Encoding ODIN audio data to FLAC for realtime transcription

Written by Phillip Schuster
30 Jan 2024

Leveraging AI tools for transcription is a great way to enhance voice chat applications. While some AI services like Whisper from OpenAI use WAV, other services like Google Speech to Text recommend using FLAC instead.

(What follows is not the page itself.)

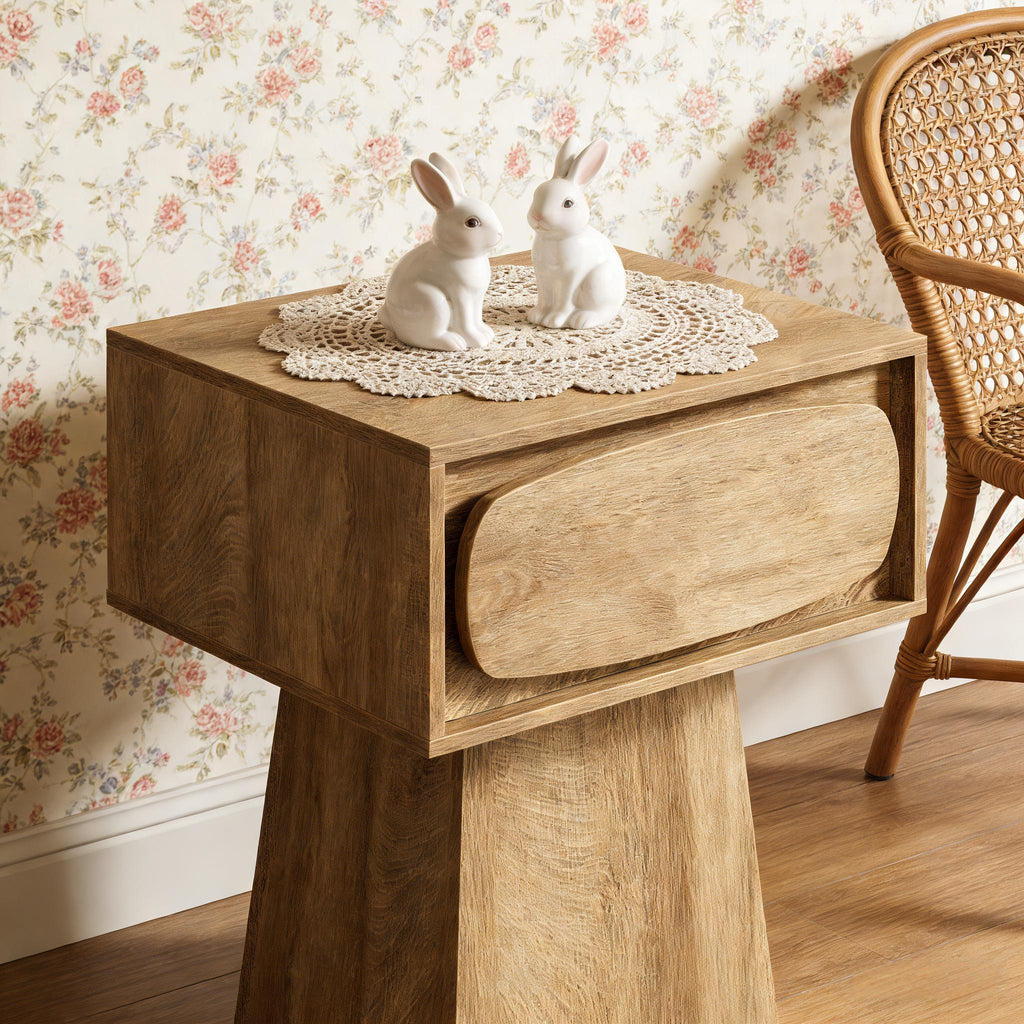 Handcrafted Wooden Side Table | Curved Drawer Design | Natural Wood Accent Table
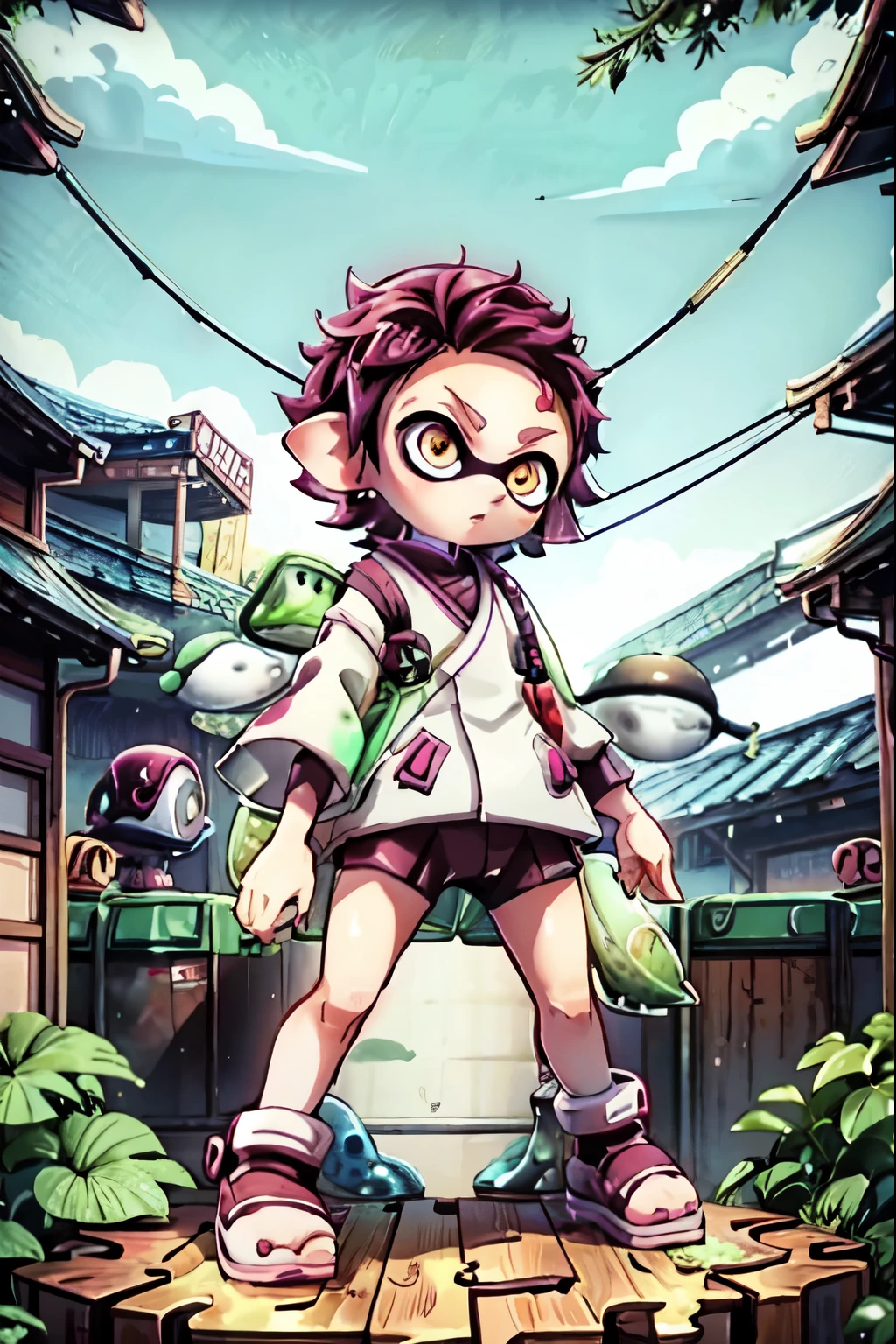 (crane),((Splatoon Girl)), Golden Eyes、tanjiro&#39;s cosplay、Men&#39;s Center, Black tentacle hair、Short tentacle hair、Big Breasts、arms,((alone)),Japanese anime style,Demon Killer Uniform,Frowning,(Holding sword:1.3),sword,
((highest quality,masterpiece)),(Outdoor),(full_body),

We already have provided a sample on how to use our NodeJS SDK to transcribe audio streams in real-time using OpenAIs whisper. It encodes the audio data to WAV. In this article, we will show you how to encode audio data to FLAC for realtime transcription.

Getting started with ODIN

Please refer to the Transcribe sample for the overall script and how to get started with ODIN. Using the information provided here it should be easy to change it to use FLAC instead of WAV.

Why FLAC?

FLAC is a lossless audio format. This means that the audio data is compressed without any loss in quality. This is important for transcription because the quality of the audio data is crucial for the transcription quality.

How to encode audio data to FLAC

We will use the libflacjs module to encode the audio data to FLAC. The module is a wrapper around the libflac library. The library is written in C and compiled to WebAssembly.

First thing we need to do import the module (in TypeScript - please refer to the libflacjs Github page on how to import it in JavaScript):

import * as Flac from 'libflacjs/dist/libflac';
import {Encoder} from "libflacjs/lib/encoder";

Next, we need to create an instance of the Encoder class. The constructor takes a Flac object and an options object.

const encoder = new Encoder(Flac, {
  channels: 1,
  sampleRate: 48000,
  bitsPerSample: 16,
  verify: false,
  compression: 0
});

Tip

Please remember the bitsPerSample setting, as it will have an important part in the next section.

Understanding audio data

Once you have created the encoder, you can start encoding audio data. The encode method takes an ArrayBuffer as input. In ODIN, you subscribe to the AudioDataReceived event and receive raw audio data there. Let’s have a look at the event structure you get:

/**
 * The payload for the AudioDataReceived event.
 */
export declare interface OdinAudioDataReceivedEventPayload {
  /**
   * The ID of the peer that sent the audio data.
   */
  peerId: number;

  /**
   * The ID of the media that sent the audio data.
   */
  mediaId: number;

  /**
   * The audio data received from the peer as 16-bit PCM samples ranging from -32768 to 32767 as a byte array.
   * Use `const samplesArray = new Int16Array(samples16.buffer)` to get an actual array
   */
  samples16: Uint8Array;

  /**
   * The audio data received from the peer as 32-bit PCM samples ranging from -1 to 1.
   * Use `const floats = new Float32Array(samples32.buffer)` to get an actual array
   */
  samples32: Uint8Array;
}

Most audio libraries expect the audio data to be in a specific format. But most formats are just different ways to express the same thing. In the NodeJS SDK, we provide the audio data in two different formats: 16-bit PCM samples and 32-bit PCM samples.

Info

PCM stands for Pulse-Code Modulation. It is a method used to digitally represent sampled analog signals. The samples are stored as a sequence of binary numbers. The number of bits used to represent each sample is called the bit depth. The higher the bit depth, the more accurate the representation of the signal. The bit depth is also called the resolution or the word length.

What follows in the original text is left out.